There’s a point in one of the interviews with a director of Darfur Diaries: Message From Home in the special features section of the DVD, where she mentions one of the bitter ironies of the crises in Darfur. A group of dignitaries from the international community had come together to commemorate the tenth anniversary of the genocide in Rwanda and apologize for having allowed it to happen.
As they were all standing up there swearing that they would never let something like that happen again and how they would be super vigilant to prevent it, the government of Sudan was busy bombing and slaughtering its own people in the province of Darfur.
Darfur Diaries: Message From Home was shot in 2004 by three young film makers who traveled to Darfur on their own and spent time in both the Northern and Southern areas of the province, and in refugee camps in the neighbouring country of Chad. Here, they spent time interviewing the people who had been affected by the attacks. Burnt out houses stand as mute testimony to the bombing raids conducted by the government against its own citizens.
Even as they filmed, an Anatolov bomber flew overhead dropping bombs randomly on the countryside. Parents cried out to children “don’t run, sit down under the trees so they can’t see you.” The pilots of the bombers circle around and target movement and release their bombs killing indiscriminately. Livestock, humans, it doesn’t seem to matter as long as the people and their abilities to survive are destroyed.
Just like the genocides that have been conducted all over the world — from North America to Asia — the theory goes that to completely destroy a people is to destroy their means of survival. With the natives of North America, it was taking away their food supply by exterminating it. With the people of Darfur, the policy seems to be to destroy their villages and steal their livestock as well as killing them.
After the bombers, the strategy of the government was to send in both the Sudanese army and vigilante groups to kill, rape, and steal from the people. Families were exterminated and survivors were forced to flee, after watching their loved ones killed in front of them. The excuse the government continues to make for these attacks is the existence of the Sudanese Liberation Army.
They conveniently forget that the rebel army only formed in response to increasing discrimination against Africans in Sudan, and to the attacks upon their villages by the government forces. What little that the media reported on what was happening in Darfur was to ape what the government said — not bothering to find out for themselves what the real story was.

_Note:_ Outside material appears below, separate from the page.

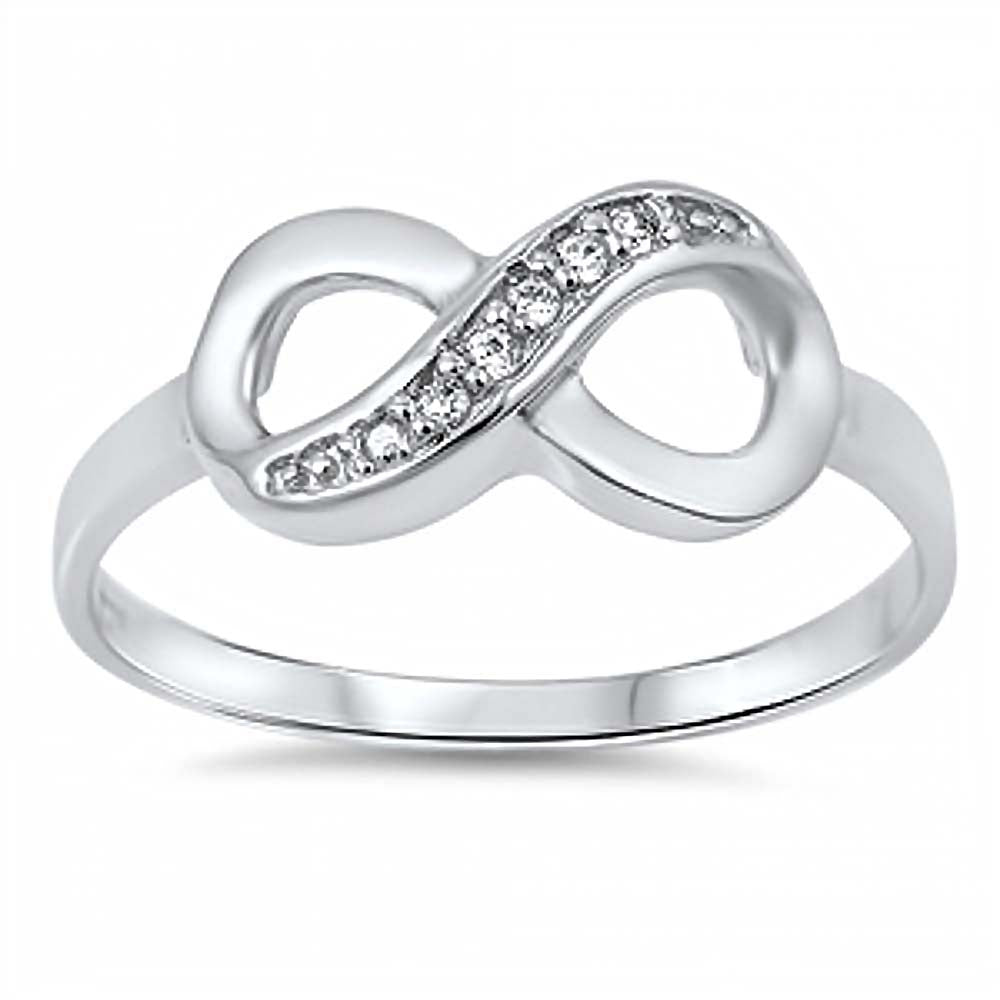 Sterling Silver Fancy Infinty Design Embedded with Clear Cz Stones RingAnd Face Height of 8MM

What’s wonderful about Darfur Diaries is that the only times politics is mentioned is in the interviews with the filmmakers in the special features. For the people on the ground, what matters is what has happened to them and being given opportunity to tell their stories. From the young boy who looks into the camera and talks of watching his brother being shot, to the mothers talking about their babies and their injuries.
The filmmakers interview children who draw pictures of men on camels and horses firing guns; of soldiers in jeeps firing guns; and planes dropping bombs on villages and setting them on fire. They draw pictures of people running away with their arms in the air — fleeing from men with guns and swords who are charging on horses. They draw pictures of dead people laid out on the ground.

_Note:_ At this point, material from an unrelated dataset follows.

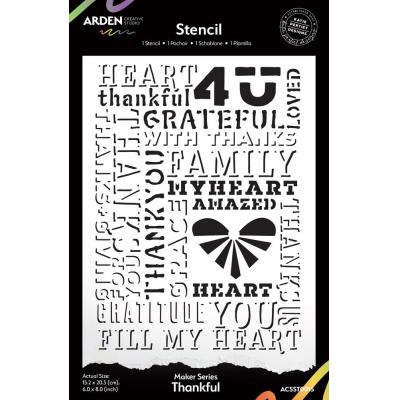 Arden Creative Studio Amber Ledgers Stencil - Thankful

Sudan has long been comprised of two distinct Muslim populations, Arab and African. According to the people interviewed here, it has a long history of the two races co-existing peacefully with intermarriages being commonplace. Only since the coup that brought the existing government into power have measures been taken against the majority African population to reduce their means of making a livelihood. There were occasional disputes about grazing rights but the people interviewed in this movie claim they were always settled amicably.
Now however, the government has created a racial war to keep a majority population in check. But not even within the minority Arab population is there unanimity for this war. It appears that aside from the government and it’s army – the only people who support the war are the crooks, rapists, and miserable excuses for human beings who raid the villages after the bombing raids.

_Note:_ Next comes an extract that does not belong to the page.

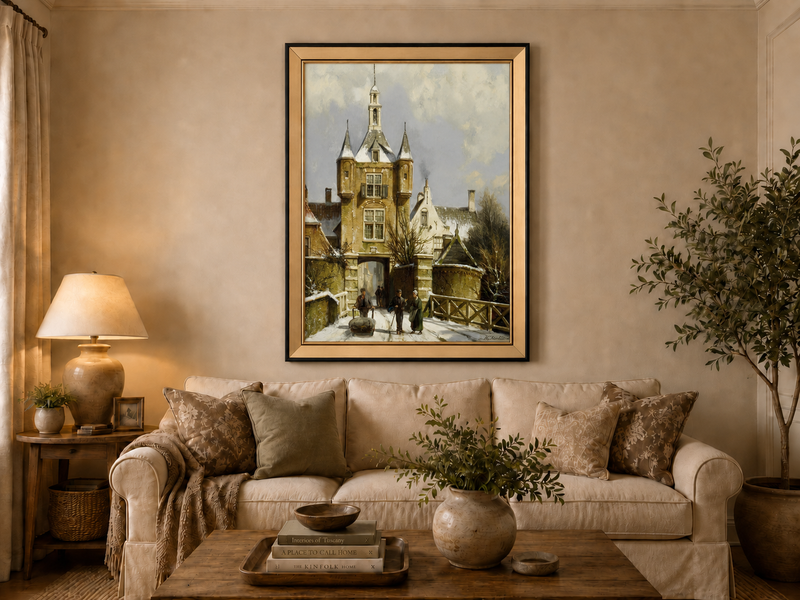 Peinture à l'huile de paysage - Porte d'une ville européenne enneigée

The government started attacking the Africans by cutting funding to the village schools, until there was no money to pay for teachers and supplies. They also arrested all the teachers on charges of treason and tortured them. One man interviewed showed the scars where he had been beaten with bricks by his guards and told about other teachers still in jail.
What’s wondrous is the lack of anger displayed by the Africans towards the Arab population of Sudan in general. As one puts it, the government is using the Arab people like a weapon and doesn’t really care about them anymore than they care about us. In fact, according to the Sudanese Liberation Army, there is extensive intermingling between the two peoples in villages to the north. Just as many Arabs are dieing as Africans.
Nobody seems to want to venture as to why this has happened. But in some ways the why is not as important as the fact that it is happening. A government is systematically killing a segment of its own population without remorse or hesitation. They are destroying whole villages and forcing people to leave their homes for any shelter they can find elsewhere.
To me it seems obvious why the government is doing this – they want the land for the people they would prefer to have it. Just like everywhere else that indigenous people have been inconvenient enough to be living where the government wants to make use of the land, the quickest and easiest way of dealing with the matter is to kill or force them off the land.
Darfur Diaries: Message From Home is wonderful in its simplicity. The people tell their stories of what happened to them, tell you about themselves and their families, and are completely matter of fact. These are the faces of the people we never see in the news stories, and the voices we never hear.
Who better to tell the story of what is happening to them than the people themselves. This movie acts as a direct pipeline from them to whoever will listen.
Don’t you think you owe it to them to listen?